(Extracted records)
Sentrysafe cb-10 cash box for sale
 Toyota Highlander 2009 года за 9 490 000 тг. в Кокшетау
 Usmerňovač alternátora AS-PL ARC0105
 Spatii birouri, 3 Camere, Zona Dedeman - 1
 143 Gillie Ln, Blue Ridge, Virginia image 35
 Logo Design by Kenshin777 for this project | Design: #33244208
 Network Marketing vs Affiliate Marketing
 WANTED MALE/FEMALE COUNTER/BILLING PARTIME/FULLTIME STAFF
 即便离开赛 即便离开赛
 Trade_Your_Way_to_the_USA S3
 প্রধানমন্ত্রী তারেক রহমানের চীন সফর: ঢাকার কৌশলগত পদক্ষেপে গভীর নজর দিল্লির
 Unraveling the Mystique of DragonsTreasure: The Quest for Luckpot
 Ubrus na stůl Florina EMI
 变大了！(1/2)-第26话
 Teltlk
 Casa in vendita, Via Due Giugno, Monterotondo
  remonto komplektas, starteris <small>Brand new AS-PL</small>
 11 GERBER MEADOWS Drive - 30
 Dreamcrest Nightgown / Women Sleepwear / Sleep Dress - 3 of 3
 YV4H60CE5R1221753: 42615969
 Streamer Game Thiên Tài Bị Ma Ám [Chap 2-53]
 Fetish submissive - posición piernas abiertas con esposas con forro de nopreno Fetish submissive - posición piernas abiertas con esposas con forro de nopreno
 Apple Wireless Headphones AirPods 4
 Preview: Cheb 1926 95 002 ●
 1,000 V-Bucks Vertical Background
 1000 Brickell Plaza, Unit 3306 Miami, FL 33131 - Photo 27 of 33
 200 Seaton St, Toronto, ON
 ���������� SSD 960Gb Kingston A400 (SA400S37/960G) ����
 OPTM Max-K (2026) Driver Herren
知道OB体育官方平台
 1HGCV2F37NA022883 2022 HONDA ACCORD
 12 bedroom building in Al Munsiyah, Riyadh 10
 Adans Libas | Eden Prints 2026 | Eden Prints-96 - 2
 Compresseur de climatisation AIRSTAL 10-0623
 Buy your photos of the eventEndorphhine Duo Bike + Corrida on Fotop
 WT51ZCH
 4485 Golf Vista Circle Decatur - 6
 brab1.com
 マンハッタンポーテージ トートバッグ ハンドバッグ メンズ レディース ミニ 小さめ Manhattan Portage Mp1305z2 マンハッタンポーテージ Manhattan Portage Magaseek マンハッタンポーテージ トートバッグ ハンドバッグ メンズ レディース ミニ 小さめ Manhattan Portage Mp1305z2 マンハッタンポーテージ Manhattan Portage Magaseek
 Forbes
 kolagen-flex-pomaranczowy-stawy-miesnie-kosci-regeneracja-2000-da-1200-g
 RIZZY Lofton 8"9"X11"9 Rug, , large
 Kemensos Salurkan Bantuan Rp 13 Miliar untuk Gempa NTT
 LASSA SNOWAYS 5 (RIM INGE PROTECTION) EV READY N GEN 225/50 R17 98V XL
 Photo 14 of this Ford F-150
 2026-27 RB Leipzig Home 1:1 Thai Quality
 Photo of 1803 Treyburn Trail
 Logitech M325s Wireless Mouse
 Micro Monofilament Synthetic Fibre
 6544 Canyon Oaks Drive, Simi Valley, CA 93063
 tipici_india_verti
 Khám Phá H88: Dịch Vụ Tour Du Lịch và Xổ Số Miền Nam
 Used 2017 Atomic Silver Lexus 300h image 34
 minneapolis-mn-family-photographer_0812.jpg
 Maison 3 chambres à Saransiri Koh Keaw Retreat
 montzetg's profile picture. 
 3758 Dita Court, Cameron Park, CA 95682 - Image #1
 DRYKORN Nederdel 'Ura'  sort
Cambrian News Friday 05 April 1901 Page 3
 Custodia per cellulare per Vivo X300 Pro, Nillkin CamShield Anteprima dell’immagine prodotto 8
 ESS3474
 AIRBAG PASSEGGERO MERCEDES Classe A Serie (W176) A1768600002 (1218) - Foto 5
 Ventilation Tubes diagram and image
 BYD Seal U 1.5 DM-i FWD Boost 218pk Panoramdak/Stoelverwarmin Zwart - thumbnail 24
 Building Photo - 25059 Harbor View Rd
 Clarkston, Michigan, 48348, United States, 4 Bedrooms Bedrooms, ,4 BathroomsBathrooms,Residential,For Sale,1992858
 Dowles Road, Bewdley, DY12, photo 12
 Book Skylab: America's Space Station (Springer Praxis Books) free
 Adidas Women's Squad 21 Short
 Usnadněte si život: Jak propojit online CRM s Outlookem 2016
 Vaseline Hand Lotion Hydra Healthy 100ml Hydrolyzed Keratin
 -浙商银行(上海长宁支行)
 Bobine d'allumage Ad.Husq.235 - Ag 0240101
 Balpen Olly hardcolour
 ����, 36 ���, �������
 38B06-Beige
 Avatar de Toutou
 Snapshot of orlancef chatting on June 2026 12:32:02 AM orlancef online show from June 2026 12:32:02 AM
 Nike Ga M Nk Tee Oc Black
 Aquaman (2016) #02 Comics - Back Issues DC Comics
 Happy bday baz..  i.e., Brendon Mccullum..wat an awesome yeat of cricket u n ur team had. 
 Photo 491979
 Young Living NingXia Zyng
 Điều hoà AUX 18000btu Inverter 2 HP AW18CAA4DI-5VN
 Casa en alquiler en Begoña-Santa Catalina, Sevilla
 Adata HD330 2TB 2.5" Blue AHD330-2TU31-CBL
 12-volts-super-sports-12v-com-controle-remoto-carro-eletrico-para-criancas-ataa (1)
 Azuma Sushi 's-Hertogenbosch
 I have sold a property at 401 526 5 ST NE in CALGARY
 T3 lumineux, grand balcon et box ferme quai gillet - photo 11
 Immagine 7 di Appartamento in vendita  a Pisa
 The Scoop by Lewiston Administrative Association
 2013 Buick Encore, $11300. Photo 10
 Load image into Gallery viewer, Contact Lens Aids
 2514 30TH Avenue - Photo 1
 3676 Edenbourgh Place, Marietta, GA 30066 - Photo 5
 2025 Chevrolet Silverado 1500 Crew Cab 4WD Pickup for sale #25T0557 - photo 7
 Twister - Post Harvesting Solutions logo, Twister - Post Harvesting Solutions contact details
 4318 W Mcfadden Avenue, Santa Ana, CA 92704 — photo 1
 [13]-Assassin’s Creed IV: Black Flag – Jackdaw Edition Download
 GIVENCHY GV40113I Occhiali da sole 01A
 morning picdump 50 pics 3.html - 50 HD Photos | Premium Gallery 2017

> [Your objective]:
What you return should be exactly the lines above, starting at the one with "LASSA SNOWAYS 5" and ending at the one with "6544 Canyon Oaks", and nothing else.

> [Response to the exercise]:
 LASSA SNOWAYS 5 (RIM INGE PROTECTION) EV READY N GEN 225/50 R17 98V XL
 Photo 14 of this Ford F-150
 2026-27 RB Leipzig Home 1:1 Thai Quality
 Photo of 1803 Treyburn Trail
 Logitech M325s Wireless Mouse
 Micro Monofilament Synthetic Fibre
 6544 Canyon Oaks Drive, Simi Valley, CA 93063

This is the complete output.